Senior staff writer
Registered voters can go to the polls Tuesday and cast their ballots to determine party candidates for the Nov. 3 general election.
Those primary races alone would not be enough to expect a moderate or high voter turnout. However, voters in Beech Grove and Perry Township school districts will determine the status of multimillion dollar referendums to fund school operations and construction.
Polls will be open from 6 a.m.-6 p.m.
Here are the top 10 reasons to vote:
10) It’s your duty. Voter turnout in the 2014 general election was stunningly low. A good turnout is expected in Perry Township and Beech Grove because of the referendums.
9) Southport GOP race: Recently appointed Councilor Bill McKinney faces opposition from Kenneth Winslow in the Republican race for District 2. McKinney was appointed to succeed Nick Schmoll, who resigned because he moved out of Southport.
8) Beech Grove Democratic race: A three-way race will decide two at-large candidates on the Nov. 3 ballot. The choices are former Councilor Bud Templin, Jimmy Blice and James Brooks.
7) Homecroft: Although all five members of the Town Hall are unopposed, voters should cast a ballot for the referendums in Perry Township.
6) Indianapolis GOP mayoral race: There’s a long line of candidates seeking to succeed Mayor Greg Ballard, who is not running for another term. The Marion County GOP has slated Chuck Brewer, a 23-year Marine who served twice in combat in Operation Iraqi Freedom.
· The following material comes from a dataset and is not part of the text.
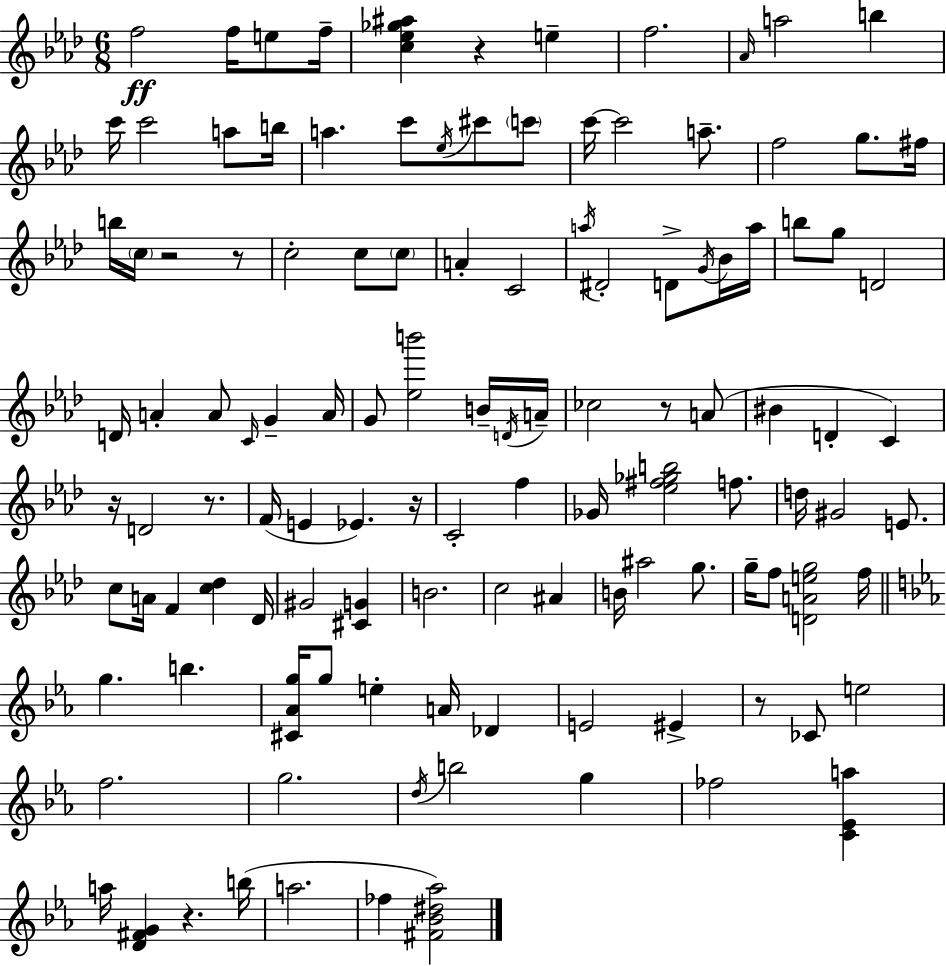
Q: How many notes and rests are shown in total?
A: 119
The field also includes Jocelyn Tandy Adande, Terry Michael, Darrell Morris and Lawrence Shouse. The GOP winner will square off against Democrat Joe Hogsett.
5) Greenwood GOP City Council races: Six at-large candidates are competing to advance to three spots on the November ballot.
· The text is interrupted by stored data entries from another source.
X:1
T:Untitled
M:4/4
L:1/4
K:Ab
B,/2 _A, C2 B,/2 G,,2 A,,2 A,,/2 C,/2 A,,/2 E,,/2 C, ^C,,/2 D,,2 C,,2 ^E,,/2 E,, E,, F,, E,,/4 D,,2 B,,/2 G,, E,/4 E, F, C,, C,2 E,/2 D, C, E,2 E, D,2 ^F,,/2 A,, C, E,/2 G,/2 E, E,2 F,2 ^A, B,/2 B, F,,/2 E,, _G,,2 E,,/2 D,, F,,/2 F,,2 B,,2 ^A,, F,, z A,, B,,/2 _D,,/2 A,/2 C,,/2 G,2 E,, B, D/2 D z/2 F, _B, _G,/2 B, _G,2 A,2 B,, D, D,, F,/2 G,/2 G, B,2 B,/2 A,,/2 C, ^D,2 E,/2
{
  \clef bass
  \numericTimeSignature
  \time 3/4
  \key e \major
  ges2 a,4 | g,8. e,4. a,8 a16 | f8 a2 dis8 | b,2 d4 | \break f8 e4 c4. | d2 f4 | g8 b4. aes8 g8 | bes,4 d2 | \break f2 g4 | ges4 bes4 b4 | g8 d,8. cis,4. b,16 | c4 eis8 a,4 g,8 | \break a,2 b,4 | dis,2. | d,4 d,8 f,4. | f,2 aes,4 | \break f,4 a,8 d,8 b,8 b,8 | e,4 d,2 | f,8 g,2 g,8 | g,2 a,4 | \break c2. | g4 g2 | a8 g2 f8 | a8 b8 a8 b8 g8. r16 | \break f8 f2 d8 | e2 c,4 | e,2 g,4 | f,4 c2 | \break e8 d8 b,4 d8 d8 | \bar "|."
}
The crowded field features incumbents Mike Campbell and Brent Corey, former Councilor Ron Deer, Redevelopment Commission member Bryan Harris, Economic Development Commission member Chuck Landon and former city and county candidate Brian Moore.
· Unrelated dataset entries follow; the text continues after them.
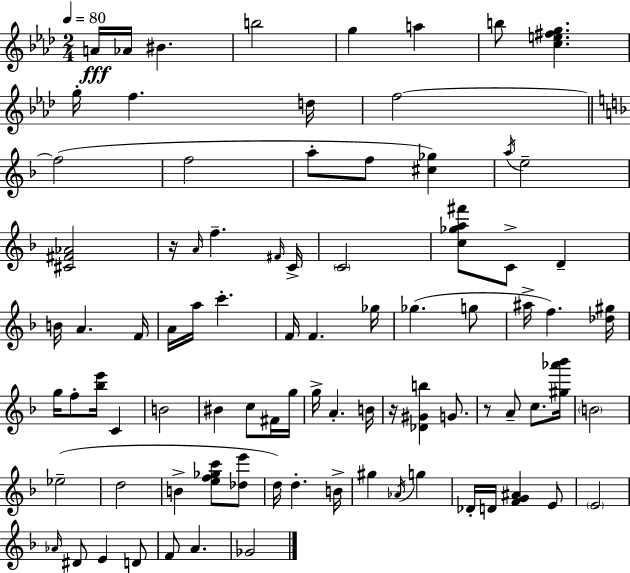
{
  \clef treble
  \numericTimeSignature
  \time 2/4
  \key aes \major
  \tempo 4 = 80
  a'16\fff aes'16 bis'4. | b''2 | g''4 a''4 | b''8 <c'' e'' fis'' g''>4. | \break g''16-. f''4. d''16 | f''2~~ | \bar "||" \break \key f \major f''2( | f''2 | a''8-. f''8 <cis'' ges''>4) | \acciaccatura { a''16 } e''2-- | \break <cis' fis' aes'>2 | r16 \grace { a'16 } f''4.-- | \grace { fis'16 } c'16-> \parenthesize c'2 | <c'' ges'' a'' fis'''>8 c'8-> d'4-- | \break b'16 a'4. | f'16 a'16 a''16 c'''4.-. | f'16 f'4. | ges''16 ges''4.( | \break g''8 ais''16-> f''4.) | <des'' gis''>16 g''16 f''8-. <bes'' e'''>16 c'4 | b'2 | bis'4 c''8 | \break fis'16 g''16 g''16-> a'4.-. | b'16 r16 <des' gis' b''>4 | g'8. r8 a'8-- c''8. | <gis'' aes''' bes'''>16 \parenthesize b'2 | \break ees''2--( | d''2 | b'4-> <e'' f'' ges'' c'''>8 | <des'' e'''>8 d''16) d''4.-. | \break b'16-> gis''4 \acciaccatura { aes'16 } | g''4 des'16-. d'16 <f' g' ais'>4 | e'8 \parenthesize e'2 | \grace { aes'16 } dis'8 e'4 | \break d'8 f'8 a'4. | ges'2 | \bar "|."
}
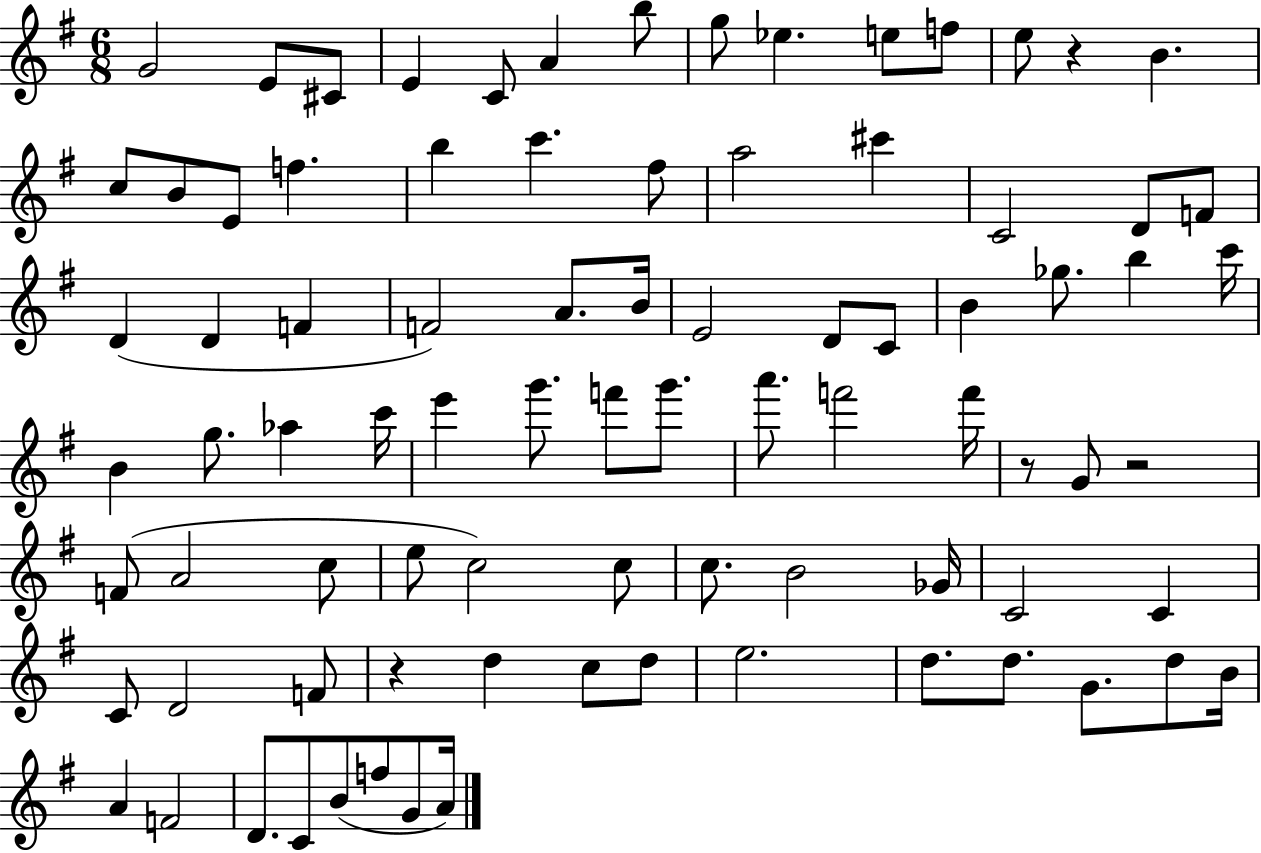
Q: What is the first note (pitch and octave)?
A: G4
The district races feature: District 1 – incumbent Linda Gibson seeks third term against challenger Drew Sager, a counselor at Center Grove Middle School; District 3 – three-term incumbent Bruce Armstrong vs. engineer Greg Hill; and District 6 – incumbent Thom Hord vs. attorney and CPA David Leske.
4) Greenwood Republican clerk race – Incumbent Jeannine Myers, who has served for 12 years, and challenger Nick Schwab, a school board member and city parks employee, seek election.
Myers helped guide the city to Second Class status, which created the office of clerk and abolished the clerk-treasurer position for an appointed city controller in 2011. She is married and has two grown daughters.
Schwab has served on the Central Nine Career Center governing board and is vice president of the Greenwood High School Alumni Association. He is married and has two children.
3) Southport Republican clerk-treasurer race – Incumbent Diana Bossingham faces a challenge from Marion County GOP-slated Shara Hostetler.
Bossingham has served since 2012 and has worked diligently to improve the municipality’s financial and record keeping process from the previous administration. She also serves as clerk for the Board of Public Works and Safety and treasurer of the Redevelopment Commission. She owns a small business and is a 17-year resident of Southport.
Hostetler, a former combat medic with the Indiana Army National Guard, has lived in Southport for five years. She is an emergency medical technician and a certified nursing and medical assistant. She serves as administrative secretary for the warden of the Marion County Jail II.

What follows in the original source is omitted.